Entre elas, o principal destaque é a Omoda-Jaecoo. A marca iniciou suas operações comerciais no Brasil em abril de 2025 e, menos de um ano depois, já aparece entre os principais volumes do segmento eletrificado. Em janeiro de 2026, foram 1.648 veículos híbridos emplacados, garantindo cerca de 8,6% de participação no segmento.
Galeria: Omoda 5 HEV e 7 PHEV - lançamento
O desempenho coloca a marca entre os maiores fabricantes de eletrificados do mês, algo incomum para uma operação recente. No portfólio, o avanço é puxado principalmente pelos SUVs Omoda 5 (HEV) e Jaecoo 7 (PHEV), que concentram praticamente todo o volume inicial da marca no país. Dados da Fenabrave indicam cerca de 1.067 unidades do mais recente Omoda 5 e aproximadamente 476 unidades do Jaecoo 7, explicando a maior parte dos 1.648 veículos híbridos emplacados pela marca em janeiro de 2026.
Outro movimento relevante aparece no caso da GAC, que mostra uma entrada mais equilibrada entre tecnologias. Em janeiro, a marca registrou 488 híbridos e 220 elétricos, indicando uma estratégia de construção gradual de presença, com atuação simultânea em duas frentes de eletrificação.
A Leapmotor representa um caso particularmente interessante do ponto de vista técnico e de mercado. A marca somou cerca de 442 veículos eletrificados no mês. Desse total, aproximadamente 408 unidades foram registradas como híbridas - basicamente relacionadas ao C10 na configuração REEV - enquanto cerca de 34 unidades aparecem como elétricos puros, incluindo o próprio C10 na versão BEV.
Na prática, isso mostra que o volume da marca está fortemente concentrado no C10 com extensor de autonomia, arquitetura em que o motor a combustão funciona apenas como gerador de energia, uma novidade em nosso mercado. Ao mesmo tempo, o C10 elétrico puro ainda representa parcela pequena das vendas neste momento.
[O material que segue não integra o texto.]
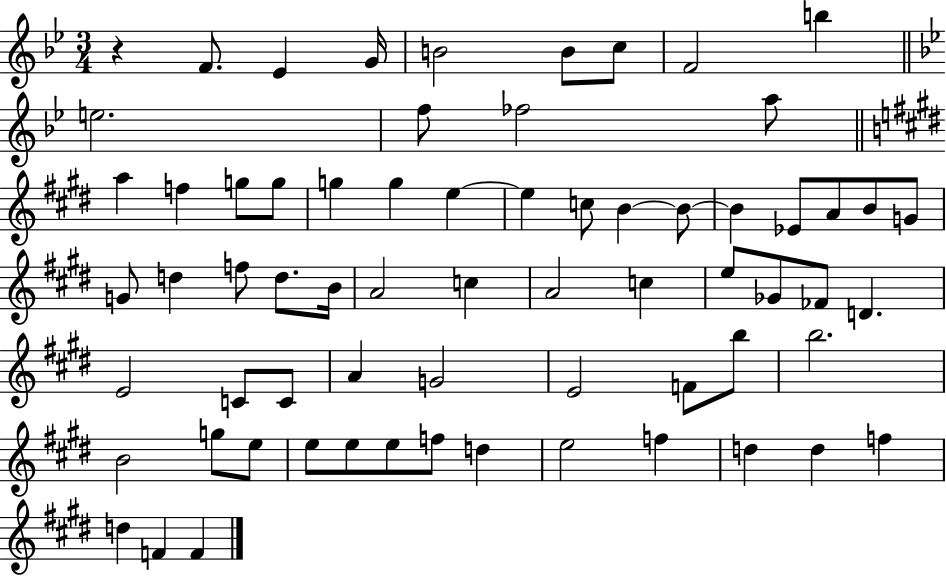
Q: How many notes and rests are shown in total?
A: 67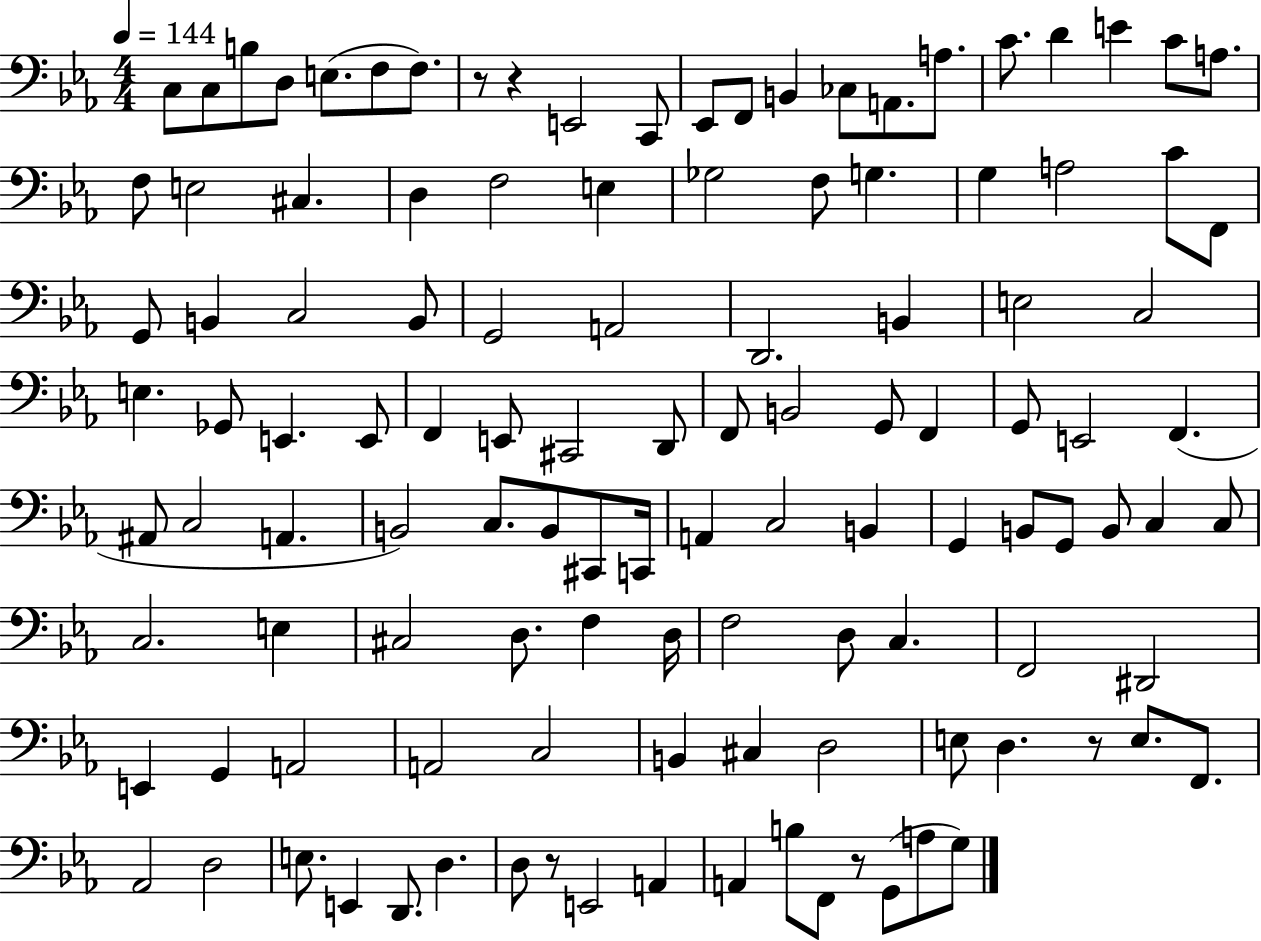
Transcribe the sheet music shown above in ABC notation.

X:1
T:Untitled
M:4/4
L:1/4
K:Eb
C,/2 C,/2 B,/2 D,/2 E,/2 F,/2 F,/2 z/2 z E,,2 C,,/2 _E,,/2 F,,/2 B,, _C,/2 A,,/2 A,/2 C/2 D E C/2 A,/2 F,/2 E,2 ^C, D, F,2 E, _G,2 F,/2 G, G, A,2 C/2 F,,/2 G,,/2 B,, C,2 B,,/2 G,,2 A,,2 D,,2 B,, E,2 C,2 E, _G,,/2 E,, E,,/2 F,, E,,/2 ^C,,2 D,,/2 F,,/2 B,,2 G,,/2 F,, G,,/2 E,,2 F,, ^A,,/2 C,2 A,, B,,2 C,/2 B,,/2 ^C,,/2 C,,/4 A,, C,2 B,, G,, B,,/2 G,,/2 B,,/2 C, C,/2 C,2 E, ^C,2 D,/2 F, D,/4 F,2 D,/2 C, F,,2 ^D,,2 E,, G,, A,,2 A,,2 C,2 B,, ^C, D,2 E,/2 D, z/2 E,/2 F,,/2 _A,,2 D,2 E,/2 E,, D,,/2 D, D,/2 z/2 E,,2 A,, A,, B,/2 F,,/2 z/2 G,,/2 A,/2 G,/2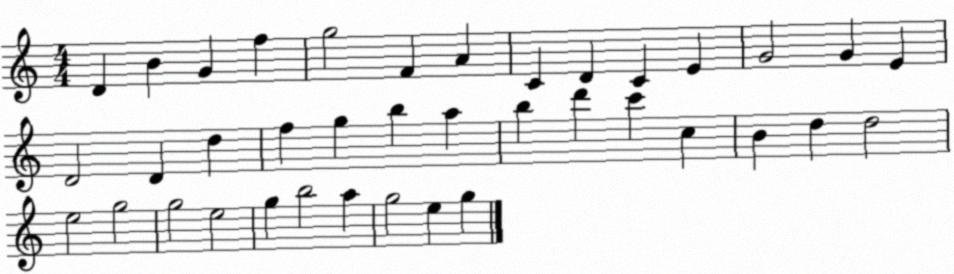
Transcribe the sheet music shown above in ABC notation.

X:1
T:Untitled
M:4/4
L:1/4
K:C
D B G f g2 F A C D C E G2 G E D2 D d f g b a b d' c' c B d d2 e2 g2 g2 e2 g b2 a g2 e g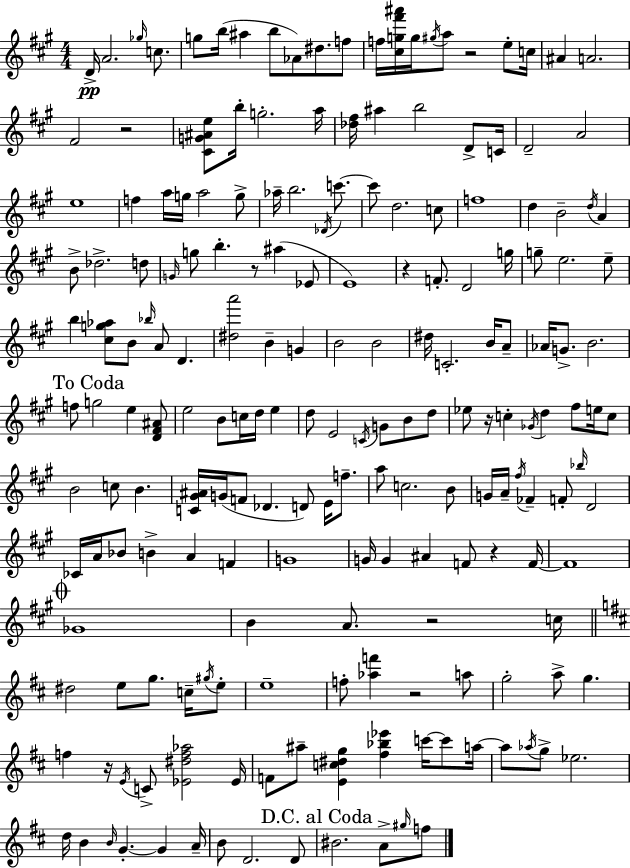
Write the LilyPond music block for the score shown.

MG e Zeekr aparecem em estágio mais inicial de consolidação. A MG registrou pouco mais de 100 elétricos no mês, ainda que tenha modelos com preços mais competitivos como o MG4 e o MG S5, enquanto a Zeekr ficou próxima das 50 unidades, números ainda modestos, mas justificáveis diante da proposta de marca premium.
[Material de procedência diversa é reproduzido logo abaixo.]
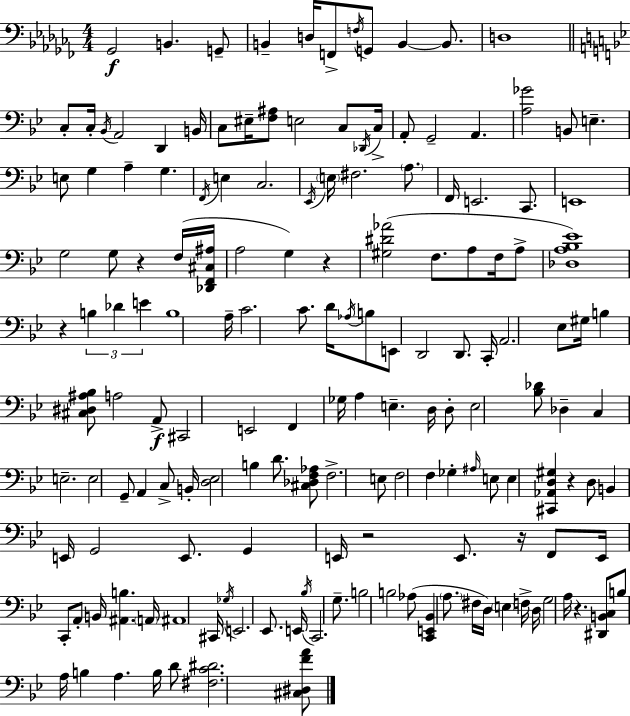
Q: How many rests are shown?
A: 7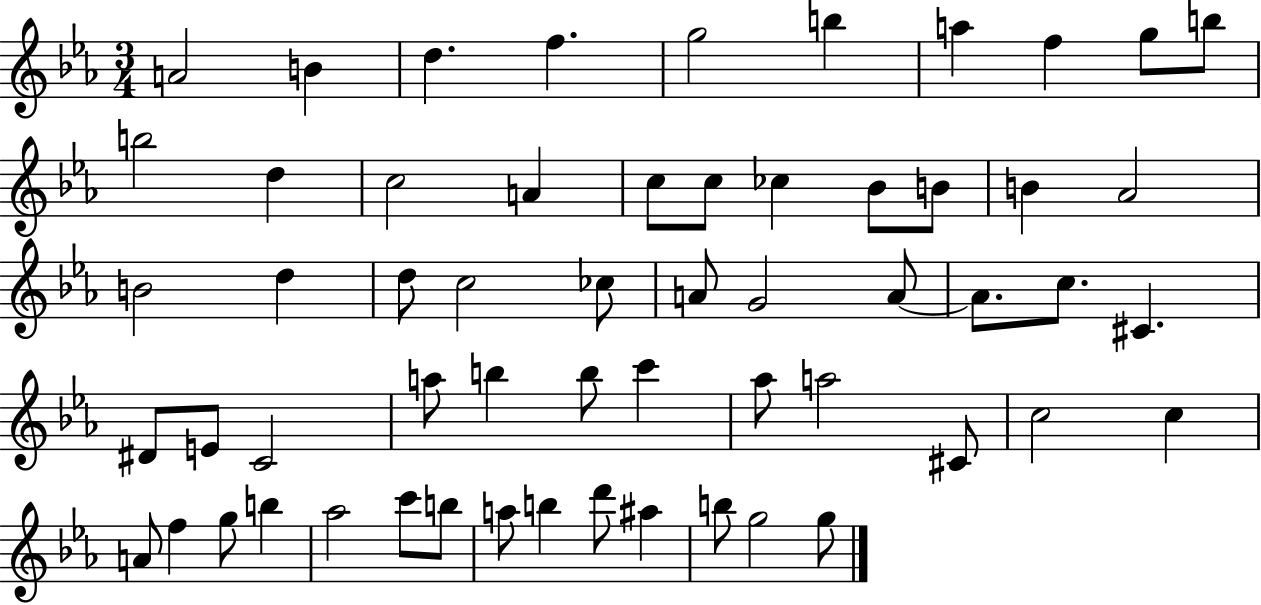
A4/h B4/q D5/q. F5/q. G5/h B5/q A5/q F5/q G5/e B5/e B5/h D5/q C5/h A4/q C5/e C5/e CES5/q Bb4/e B4/e B4/q Ab4/h B4/h D5/q D5/e C5/h CES5/e A4/e G4/h A4/e A4/e. C5/e. C#4/q. D#4/e E4/e C4/h A5/e B5/q B5/e C6/q Ab5/e A5/h C#4/e C5/h C5/q A4/e F5/q G5/e B5/q Ab5/h C6/e B5/e A5/e B5/q D6/e A#5/q B5/e G5/h G5/e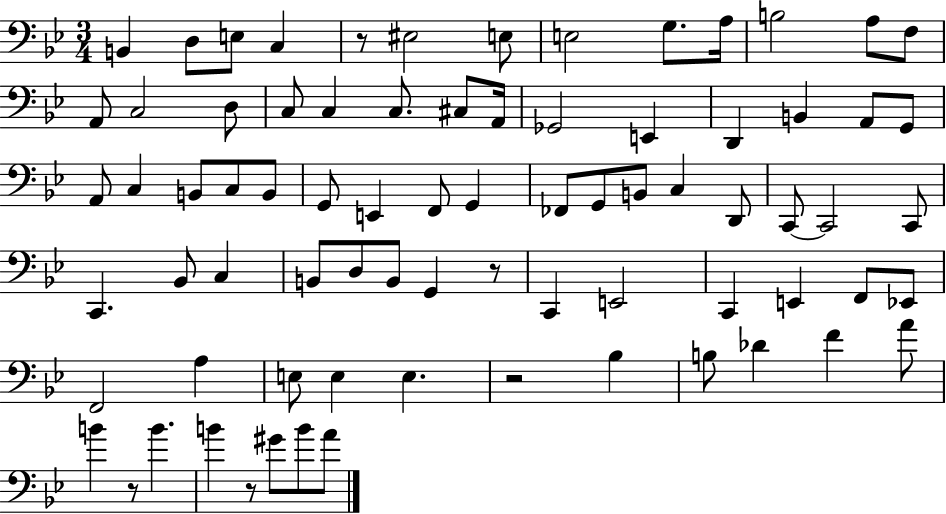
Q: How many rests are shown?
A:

O pano de fundo dessa movimentação é o crescimento acelerado dos eletrificados no Brasil. Em janeiro, o segmento avançou mais de 60% na comparação anual, com os elétricos puros mais que dobrando no período, segundo dados da Fenabrave.
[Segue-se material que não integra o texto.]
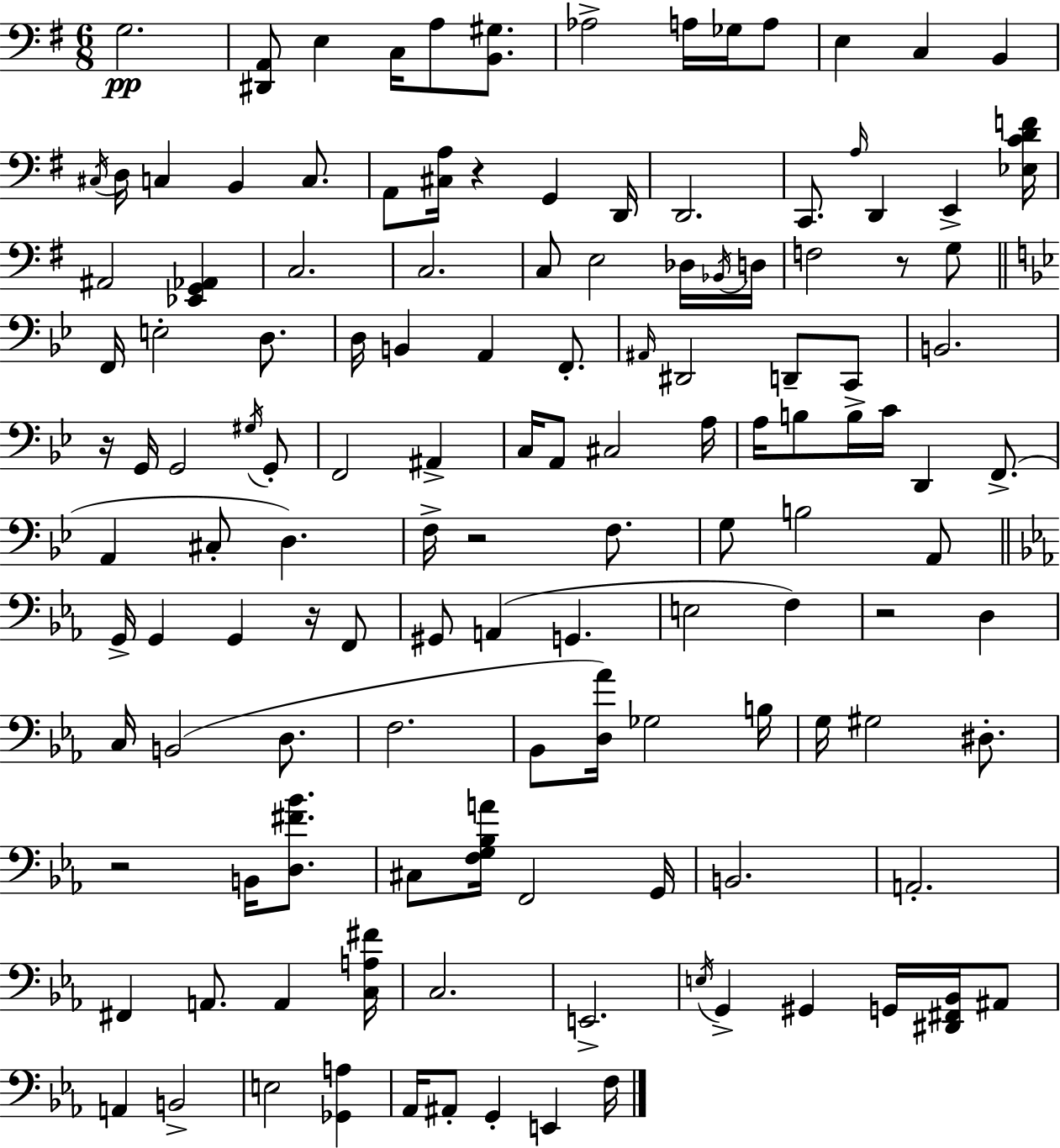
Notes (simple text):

G3/h. [D#2,A2]/e E3/q C3/s A3/e [B2,G#3]/e. Ab3/h A3/s Gb3/s A3/e E3/q C3/q B2/q C#3/s D3/s C3/q B2/q C3/e. A2/e [C#3,A3]/s R/q G2/q D2/s D2/h. C2/e. A3/s D2/q E2/q [Eb3,C4,D4,F4]/s A#2/h [Eb2,G2,Ab2]/q C3/h. C3/h. C3/e E3/h Db3/s Bb2/s D3/s F3/h R/e G3/e F2/s E3/h D3/e. D3/s B2/q A2/q F2/e. A#2/s D#2/h D2/e C2/e B2/h. R/s G2/s G2/h G#3/s G2/e F2/h A#2/q C3/s A2/e C#3/h A3/s A3/s B3/e B3/s C4/s D2/q F2/e. A2/q C#3/e D3/q. F3/s R/h F3/e. G3/e B3/h A2/e G2/s G2/q G2/q R/s F2/e G#2/e A2/q G2/q. E3/h F3/q R/h D3/q C3/s B2/h D3/e. F3/h. Bb2/e [D3,Ab4]/s Gb3/h B3/s G3/s G#3/h D#3/e. R/h B2/s [D3,F#4,Bb4]/e. C#3/e [F3,G3,Bb3,A4]/s F2/h G2/s B2/h. A2/h. F#2/q A2/e. A2/q [C3,A3,F#4]/s C3/h. E2/h. E3/s G2/q G#2/q G2/s [D#2,F#2,Bb2]/s A#2/e A2/q B2/h E3/h [Gb2,A3]/q Ab2/s A#2/e G2/q E2/q F3/s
No conjunto, os números indicam que a nova geração de marcas que chega ao Brasil já nasce com perfil mais competitivo. Em vez de testar o mercado com volumes simbólicos, essas fabricantes entram com estratégias claras de posicionamento, seja buscando escala rapidamente, seja consolidando presença com crescimento gradual.
Se a tendência continuar, a disputa por espaço no mercado brasileiro deve deixar de ser apenas entre marcas tradicionais e novos entrantes isolados, passando a envolver uma nova geração de fabricantes com foco direto em eletrificação e modelos de negócio já adaptados a essa transição.